Como en una comedia italiana de los tiempos de Mario Monicelli o Dino Risi, uno se ríe hasta que deja de reírse. Acaba el libro, lo cerramos, y ahora, aun cincuenta años después, las dudas quedan ahí, con nosotros. El propio Sciascia confesó que lo que comenzó como un divertimiento acabó no siéndolo, y el libro terminó en un cajón durante un par de años. Las dudas que nos provoca son las certezas de ahora. En las conversaciones que va manteniendo el inspector Rogas, en los personajes que va encontrando, aparece una Italia que indignó en su momento y que ahora sin embargo es un retrato exacto de lo que hubo. Ahora, en nuestro tiempo, también nos reímos mucho de tantos protagonistas, cuando verdaderamente lo que deberíamos es sentir miedo o, cuanto menos, congoja. El contexto, como buena parte de la obra de Sciascia, no es pues un libro sobre un instante, un momento de la historia de los otros, sino un libro sobre nuestro propio presente.
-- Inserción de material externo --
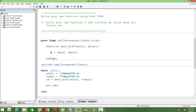The function block ends with the keyword endsub. Now that the function is defined, we can call it in a data step. Before calling it, we use the options statement to initiate the library where the function is stored. I have two dates, start_date and to_date, and I call the date_difference function with those parameters. The variable st holds the result, which gives us 41 days difference between the two dates.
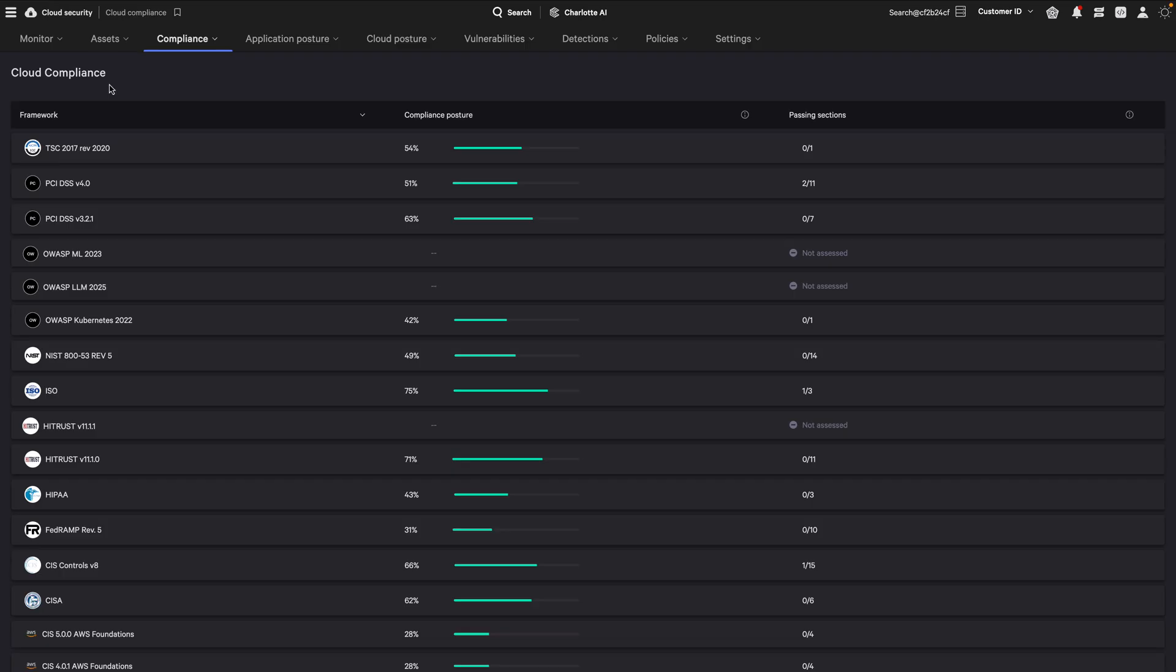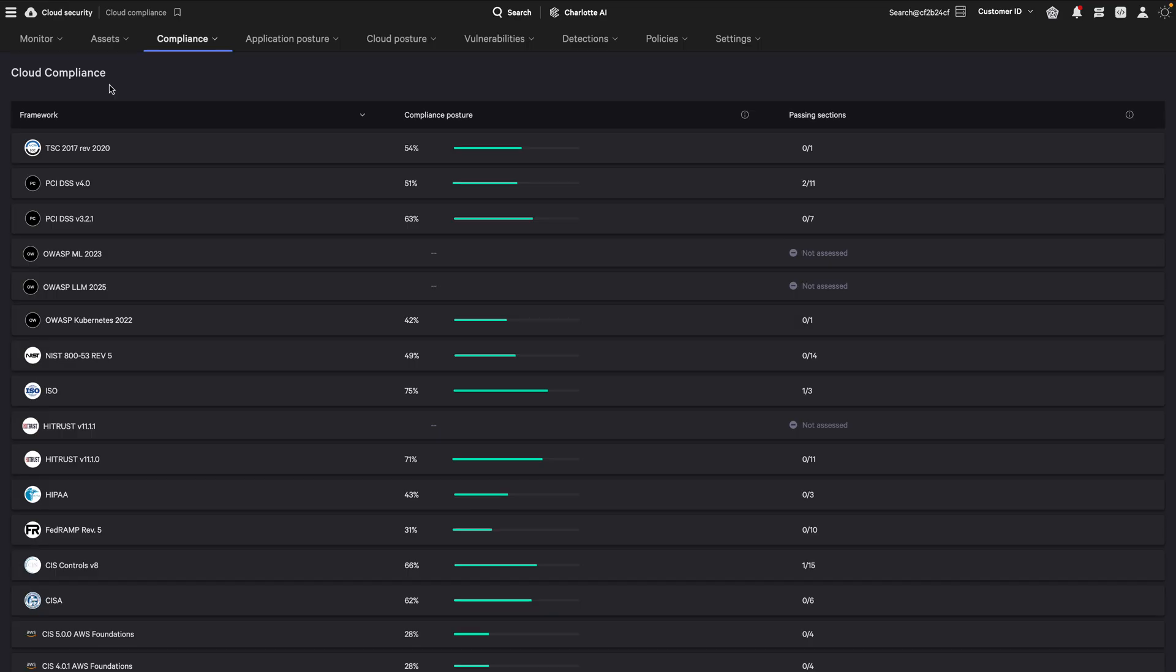Falcon Cloud Security maps over 40 diverse compliance frameworks like CIS, PCI, HIPAA, NIST, and many others to a simple unified structure, standardizing compliance data into a cohesive model.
Las mismas preguntas, las mismas dudas, los mismo temores. Sí. Leer a Leonardo Sciascia es un acto de felicidad. Su escritura se escapa entre nuestros dedos, como arena. Podríamos leerle una y mil veces. Este libro, aquel otro, cualquier otro. Que su último libro fuera Una historia sencilla fue una última broma, porque nunca hubo una historia sencilla y aquella tampoco lo era.